Data shown:
---

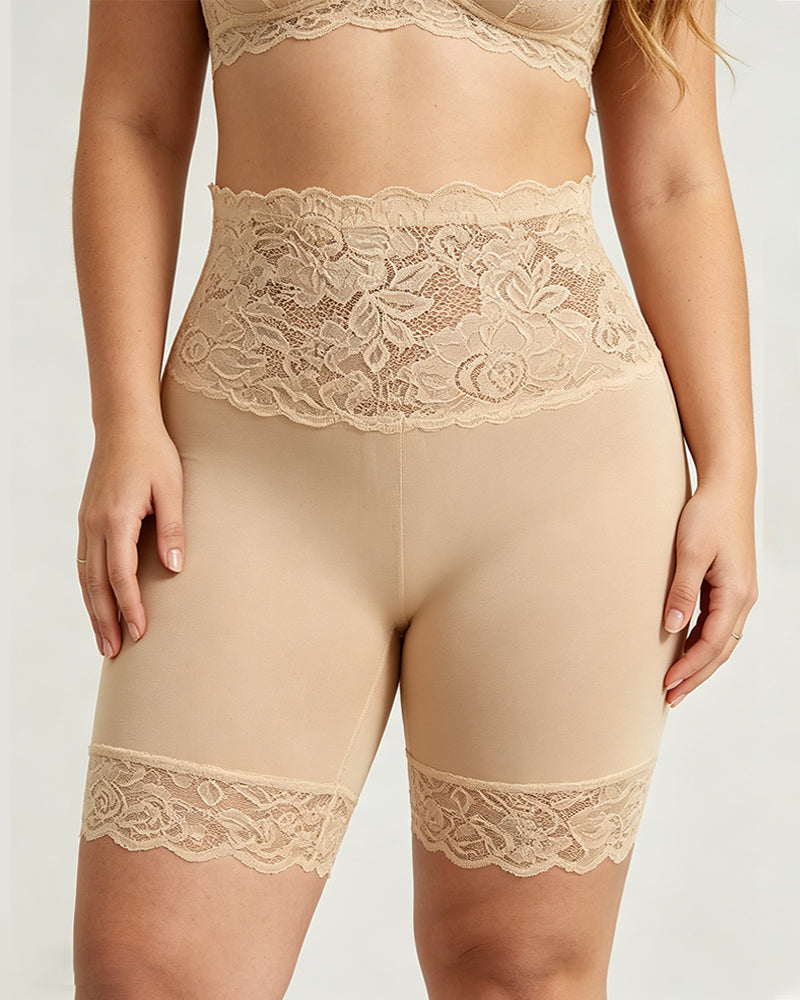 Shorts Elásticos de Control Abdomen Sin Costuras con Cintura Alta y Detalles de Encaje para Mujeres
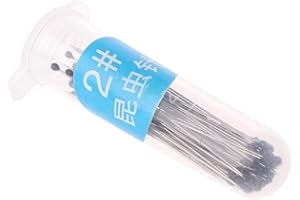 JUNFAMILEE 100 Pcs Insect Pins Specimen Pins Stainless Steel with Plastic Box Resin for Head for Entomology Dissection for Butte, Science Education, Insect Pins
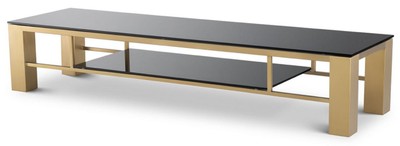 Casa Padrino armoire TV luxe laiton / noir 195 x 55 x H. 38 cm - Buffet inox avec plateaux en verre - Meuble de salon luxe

---

The task: The listing should be transcribed exactly. No picture is to appear in the transcription.

Answer box:
 Shorts Elásticos de Control Abdomen Sin Costuras con Cintura Alta y Detalles de Encaje para Mujeres
 JUNFAMILEE 100 Pcs Insect Pins Specimen Pins Stainless Steel with Plastic Box Resin for Head for Entomology Dissection for Butte, Science Education, Insect Pins
 Casa Padrino armoire TV luxe laiton / noir 195 x 55 x H. 38 cm - Buffet inox avec plateaux en verre - Meuble de salon luxe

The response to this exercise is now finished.